Product Description
From the Inside Flap
With the expulsion of Adam and Eve also came the first prohibitions against nudity, at least mythologically. A prohibition that early on crept into the judicial system occasionally still appearing in some contemporary judicial opinions ruling against public nudity.
Perhaps it is not surprising that the advocates o nudity in a recreational context often equate its manifestation with the paradise of the Garden of Eden.
In this volume Gordon Gill summarized 101 reported U.S. court decisions involving recreational nudity.
Author Gordon Gill first perceived a need for such a book after observing a succession of judicial decisions dealing with its legality, not all of them consistent. A bit of research revealed some early decisions - beginning in the 1930s when the American nudist movement was becoming firmly established - wherein prosecutors successfully obtained criminal judgements against persons engaging in innocuous nudity in private swimming pools, etc. Subsequently, the laws of a number of states changed so that engaging in recreational nudity on private property now is generally deemed acceptable.

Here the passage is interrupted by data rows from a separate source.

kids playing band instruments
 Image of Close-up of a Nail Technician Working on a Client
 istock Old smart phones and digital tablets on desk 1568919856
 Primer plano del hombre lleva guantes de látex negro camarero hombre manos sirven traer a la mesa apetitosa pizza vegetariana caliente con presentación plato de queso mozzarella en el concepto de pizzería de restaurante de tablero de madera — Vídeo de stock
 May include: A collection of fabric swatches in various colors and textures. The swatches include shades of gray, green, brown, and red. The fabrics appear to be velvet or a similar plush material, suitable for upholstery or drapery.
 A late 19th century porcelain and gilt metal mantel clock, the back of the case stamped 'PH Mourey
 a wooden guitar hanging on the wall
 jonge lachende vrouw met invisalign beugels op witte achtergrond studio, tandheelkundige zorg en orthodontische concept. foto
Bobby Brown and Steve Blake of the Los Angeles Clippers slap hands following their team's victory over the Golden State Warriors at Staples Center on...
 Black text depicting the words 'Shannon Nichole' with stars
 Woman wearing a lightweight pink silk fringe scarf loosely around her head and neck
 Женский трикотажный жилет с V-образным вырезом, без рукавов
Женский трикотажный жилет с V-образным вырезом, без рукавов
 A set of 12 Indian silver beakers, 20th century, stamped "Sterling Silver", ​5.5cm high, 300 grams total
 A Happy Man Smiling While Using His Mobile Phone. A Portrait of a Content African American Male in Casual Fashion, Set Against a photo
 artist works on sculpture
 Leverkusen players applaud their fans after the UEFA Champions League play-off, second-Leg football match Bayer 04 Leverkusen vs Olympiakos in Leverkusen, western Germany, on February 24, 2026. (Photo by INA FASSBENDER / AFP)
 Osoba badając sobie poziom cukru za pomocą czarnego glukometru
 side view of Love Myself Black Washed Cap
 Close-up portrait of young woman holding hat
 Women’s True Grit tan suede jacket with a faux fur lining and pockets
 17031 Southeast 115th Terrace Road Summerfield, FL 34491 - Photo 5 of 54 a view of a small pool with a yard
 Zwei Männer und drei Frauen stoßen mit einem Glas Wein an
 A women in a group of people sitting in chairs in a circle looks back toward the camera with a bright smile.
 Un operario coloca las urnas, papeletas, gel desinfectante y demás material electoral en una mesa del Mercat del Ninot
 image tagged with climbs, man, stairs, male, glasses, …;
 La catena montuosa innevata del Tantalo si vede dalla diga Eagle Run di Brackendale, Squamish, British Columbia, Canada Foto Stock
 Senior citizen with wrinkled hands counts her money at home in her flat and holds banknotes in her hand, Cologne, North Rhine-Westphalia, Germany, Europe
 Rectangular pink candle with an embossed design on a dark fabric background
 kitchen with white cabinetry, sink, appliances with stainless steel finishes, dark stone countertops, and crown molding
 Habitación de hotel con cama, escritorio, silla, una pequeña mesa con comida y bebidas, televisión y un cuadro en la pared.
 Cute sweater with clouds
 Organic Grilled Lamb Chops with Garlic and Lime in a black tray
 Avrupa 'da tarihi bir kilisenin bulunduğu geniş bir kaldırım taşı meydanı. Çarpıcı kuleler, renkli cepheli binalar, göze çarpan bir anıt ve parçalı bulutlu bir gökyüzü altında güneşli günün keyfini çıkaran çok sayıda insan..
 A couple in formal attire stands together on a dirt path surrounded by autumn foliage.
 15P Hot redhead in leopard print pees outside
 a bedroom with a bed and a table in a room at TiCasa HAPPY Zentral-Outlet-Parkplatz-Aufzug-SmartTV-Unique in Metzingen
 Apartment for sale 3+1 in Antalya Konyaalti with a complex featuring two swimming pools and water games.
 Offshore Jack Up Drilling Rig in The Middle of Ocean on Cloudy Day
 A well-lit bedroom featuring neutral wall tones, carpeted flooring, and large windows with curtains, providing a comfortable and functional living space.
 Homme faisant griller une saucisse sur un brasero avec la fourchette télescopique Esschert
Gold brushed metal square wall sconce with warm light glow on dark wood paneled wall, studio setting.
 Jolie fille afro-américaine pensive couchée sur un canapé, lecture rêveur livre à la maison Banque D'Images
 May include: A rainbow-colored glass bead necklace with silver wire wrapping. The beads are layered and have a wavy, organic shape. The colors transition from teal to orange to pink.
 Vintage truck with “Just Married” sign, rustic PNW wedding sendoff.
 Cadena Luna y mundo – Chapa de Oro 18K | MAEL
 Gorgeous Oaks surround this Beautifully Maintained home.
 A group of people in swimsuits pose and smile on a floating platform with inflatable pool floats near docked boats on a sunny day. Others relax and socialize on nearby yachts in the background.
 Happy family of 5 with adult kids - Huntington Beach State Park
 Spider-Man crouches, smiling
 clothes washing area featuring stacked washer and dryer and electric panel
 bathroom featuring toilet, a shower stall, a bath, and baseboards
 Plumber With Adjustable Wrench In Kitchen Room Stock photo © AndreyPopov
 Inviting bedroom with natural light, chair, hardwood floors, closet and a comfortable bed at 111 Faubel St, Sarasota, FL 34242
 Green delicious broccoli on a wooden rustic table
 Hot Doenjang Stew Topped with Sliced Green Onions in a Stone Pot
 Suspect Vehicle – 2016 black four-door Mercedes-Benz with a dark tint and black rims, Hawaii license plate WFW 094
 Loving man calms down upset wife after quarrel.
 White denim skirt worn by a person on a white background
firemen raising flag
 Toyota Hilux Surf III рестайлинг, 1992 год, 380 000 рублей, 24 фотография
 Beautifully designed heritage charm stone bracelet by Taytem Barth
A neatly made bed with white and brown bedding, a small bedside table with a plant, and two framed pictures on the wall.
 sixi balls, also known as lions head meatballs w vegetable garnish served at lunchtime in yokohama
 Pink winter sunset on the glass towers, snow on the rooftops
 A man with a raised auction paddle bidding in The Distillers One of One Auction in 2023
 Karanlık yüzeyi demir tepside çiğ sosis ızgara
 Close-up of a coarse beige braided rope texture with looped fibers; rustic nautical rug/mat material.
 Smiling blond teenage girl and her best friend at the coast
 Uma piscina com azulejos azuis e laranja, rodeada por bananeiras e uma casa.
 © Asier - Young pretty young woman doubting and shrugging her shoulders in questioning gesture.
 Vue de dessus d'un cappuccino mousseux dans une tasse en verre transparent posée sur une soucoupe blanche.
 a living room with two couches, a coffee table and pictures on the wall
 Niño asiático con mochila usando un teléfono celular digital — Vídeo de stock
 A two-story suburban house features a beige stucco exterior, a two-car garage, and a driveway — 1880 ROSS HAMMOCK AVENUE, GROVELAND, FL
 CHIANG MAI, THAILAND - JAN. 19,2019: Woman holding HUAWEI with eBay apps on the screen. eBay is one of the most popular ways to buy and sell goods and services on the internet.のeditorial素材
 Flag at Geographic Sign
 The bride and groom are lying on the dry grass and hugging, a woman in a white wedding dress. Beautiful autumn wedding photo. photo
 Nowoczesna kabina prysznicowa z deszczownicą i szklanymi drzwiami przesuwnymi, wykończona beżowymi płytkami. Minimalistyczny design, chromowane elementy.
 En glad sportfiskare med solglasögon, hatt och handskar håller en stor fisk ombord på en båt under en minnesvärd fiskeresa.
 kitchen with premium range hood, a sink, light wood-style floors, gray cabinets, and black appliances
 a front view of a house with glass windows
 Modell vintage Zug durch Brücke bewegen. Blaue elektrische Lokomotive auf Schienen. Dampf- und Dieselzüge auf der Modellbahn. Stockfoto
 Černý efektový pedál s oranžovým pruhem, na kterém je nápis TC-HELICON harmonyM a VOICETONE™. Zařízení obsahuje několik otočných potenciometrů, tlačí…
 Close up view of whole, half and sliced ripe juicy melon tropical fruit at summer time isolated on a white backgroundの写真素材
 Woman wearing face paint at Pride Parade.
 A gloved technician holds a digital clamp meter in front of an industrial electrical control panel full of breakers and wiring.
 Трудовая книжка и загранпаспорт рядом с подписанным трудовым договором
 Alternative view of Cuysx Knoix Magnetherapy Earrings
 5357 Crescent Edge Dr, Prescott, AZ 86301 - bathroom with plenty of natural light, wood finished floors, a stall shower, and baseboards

As is evident from an analysis of recent cases herein, courts are rendering mixed decisions in the legality of casual nudity in public beach and park areas. The Supreme Court of Florida has held that in the absence of accompanying lascivious conduct, outdoor public nudity did not fall within the provisions of an indecent exposure statute. Similarly, the New York Court of Appeals has held that prosecutors could not apply a criminal statute governing lewd behavior to bare-breasted women enjoying public facilities in a city park. Meanwhile, other state and federal courts have proscribed casual nudity.